Toute emberlificotée et déboussolée par cet endroit d'un passé bien récent et ces faits bien présents, sous ces mots là, posés non par moi mais par vous...l'est de Montmirail est passé chez moi comme une lettre à la poste...
:)

chri a dit…

@ M Ah tu vois, Anne de Nîmes ne fait pas tant d'histoire...

chri a dit…

@ Anne de Nîmes Merci à vous. La cave, la cave...

Anonyme a dit…

...Anne Hony meuh. Bon, c'était Lou, et par solidarité avec M, avec qui décidément je suis souvent d'accord, je vous ai retrouvé une boussole, de l'autre côté de l'anne O nimat.

chri a dit…

@ Lou oui, parfois je trouve votre complicité suspecte :-).
Le texte aussi a retrouvé le Nord.

odile b. a dit…

Tout prop' tout clean, de la cave au grenier, dedans comme dehors :-)

Brigitte a dit…

Faire du grand ménage et se débarraser de vieillerie ,même si l'on a pas de cave aide à se sentir plus léger et serein . Cela permet de se désenchagriner !!!
Merci pour ce texte que j'aime beaucoup et la photo d'illustration qui est très belle avec cette lumière.
Bonne fin de semaine

chri a dit…

@ Odile Pas moi, j'ai toujours des ptits coins sombres et poussiéreux!
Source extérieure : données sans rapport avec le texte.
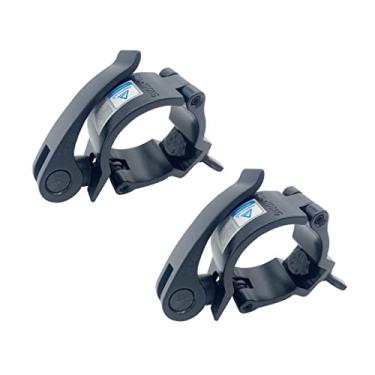 Imagem de Pacote com 2 grampos de iluminação rápida 4,8-5 cm liga de alumínio resistente 99,8 kg grampos de gancho para tubo OD de 48-51 mm DJ iluminação treliça (preto)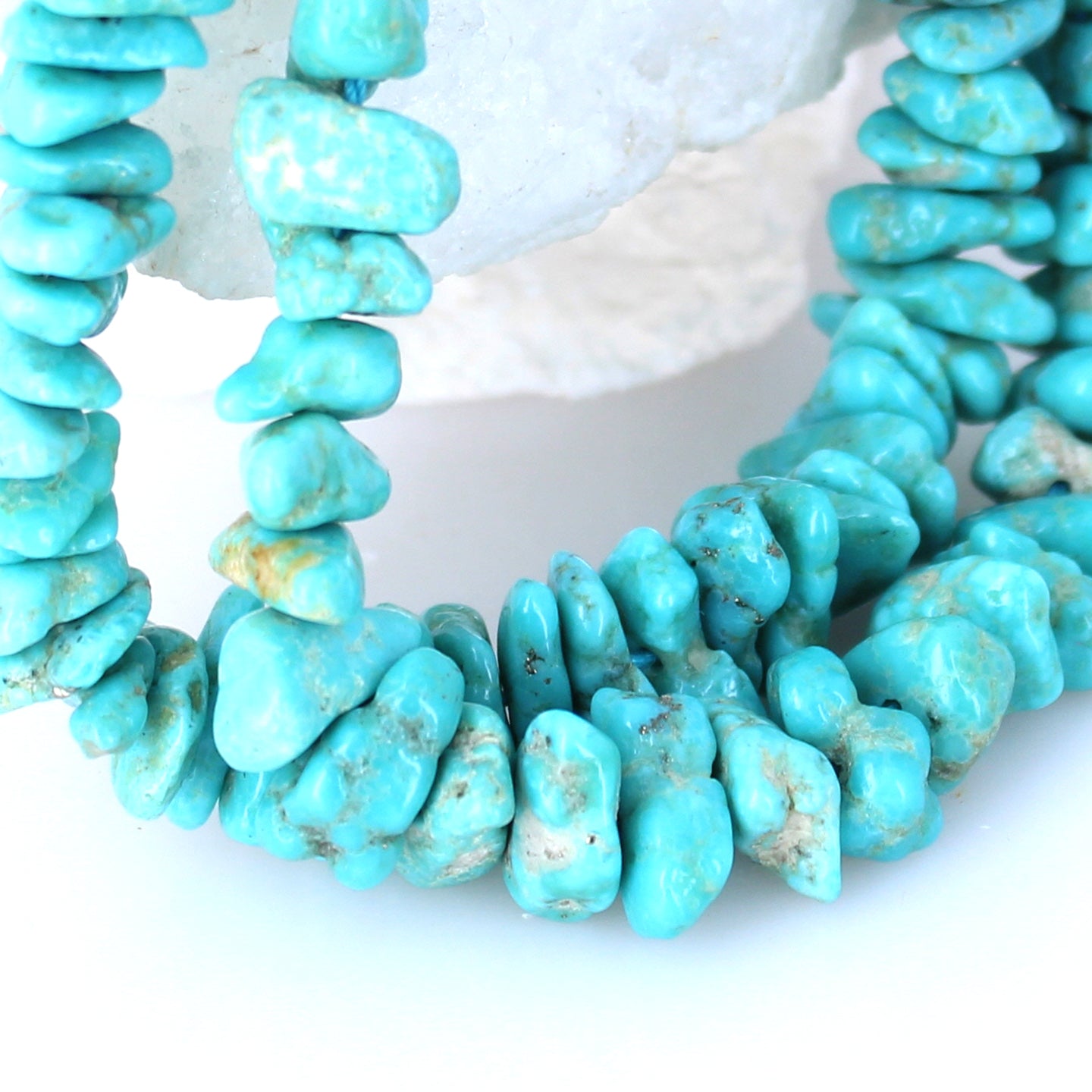 Searchlight Turquoise Beads Nevada Nuggets Sky Blue Pyrite -NewWorldGems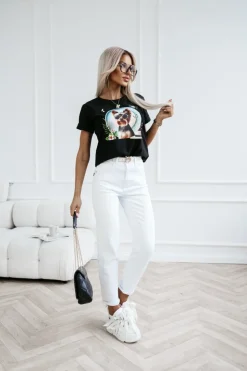 T-SHIRT BAWEŁNIANY Z NADRUKIEM YORK TERRIER CZARNY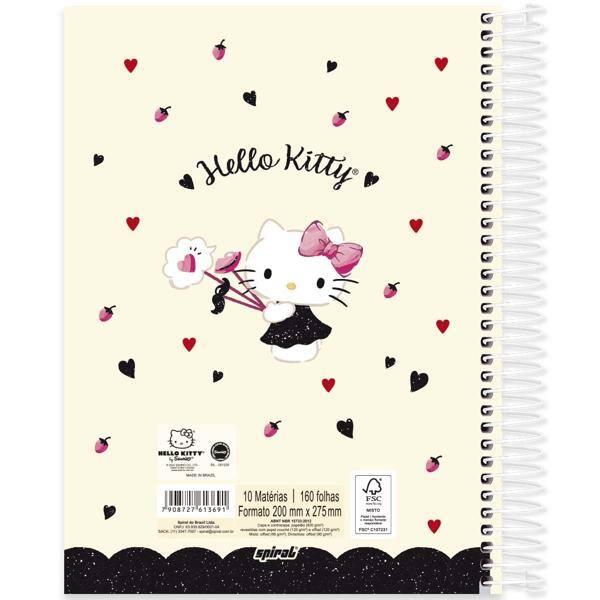 Caderno Universitário Capa Dura, 10 x 1, 160 Folhas, Hello Kitty, 2513691, Spiral Hki - PT 1 UN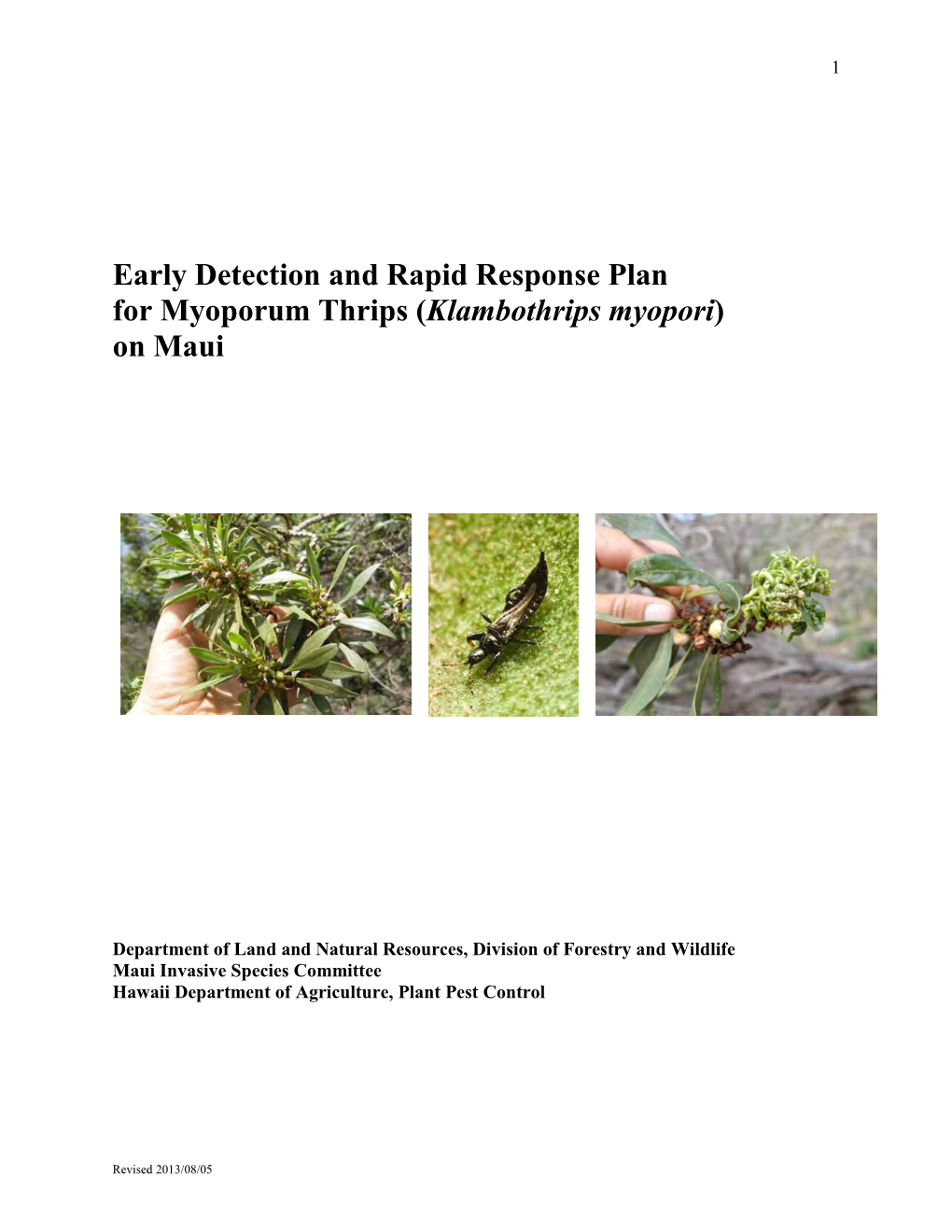Early Detection and Rapid Response Plan for Myoporum Thrips (Klambothrips Myopori) on Maui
@ Brigitte Je suis d'accord et content que vous l'aimiez :-)

Nathalie H.D. a dit…

Je sens que cette colline, là, celle qui n'a pas les Dentelles à l'est, c'est est une que l'auteur a arpenté par tous les temps. C'est du vécu ça, monsieur.
Pour la suite il faudra accepter la fin en suspens, le paragraphe arrêté là où tout devrait commencer !

chri a dit…

@ Nathalie C'est souvent quand ça s'arrête que ça commence!

odile b. a dit…

On est bien d'accord : pas de maniaquerie à outrance ! On ne peut pas être toujours avec un plumeau à la main à épousseter de la cave et le grenier... :D
Et puis, ça perdrait tout le charme des lieux... : quoi de plus agréable que de fureter dans le bazar d'un grenier, pour retrouver, dans la pénombre, un vieux livre qu'on aimait, oublié là, écorné, poussiéreux, les pages jaunies... et, quel plaisir de remonter de la cave, la lampe à la main, avec une bonne bouteille de vin vieux à partager... :-)

Alors... FOIN des FANTÔMES qui "embistrouillent la vie" !... Se débarrasser d'eux, les chasser énergiquement, à coups de balai, les exorciser, les brûler, ne pas les laisser tapis là, sournois, en catimini, prêts à vous pomper l'air et vous couper le plaisir d'être là, bien vivant, ébahi devant un coucher de soleil...
Bon week-end, Chri, au soleil qui nous gâte ! Profitons Z'en !

Véronique a dit…

Trois fois que j'essaie de vous dire que moi et bien j'aimerais bien y aller au Thomson .. Parce que je connais pas !
Trois fois que mon commentaire passe à la trappe , pour ne pas dire à la cave !

Véronique a dit…

Pas au Thomson ... Au Thouzon ! Ça m'énerve !

chri a dit…

@ Véronique Je vous y emmène la prochaine fois que vous faites du Sud... Colline de Thouzon. Il y a les grottes aussi mais on voit moins loin...

chri a dit…

@ Odile Oui, oui bon WE à vous zaussi!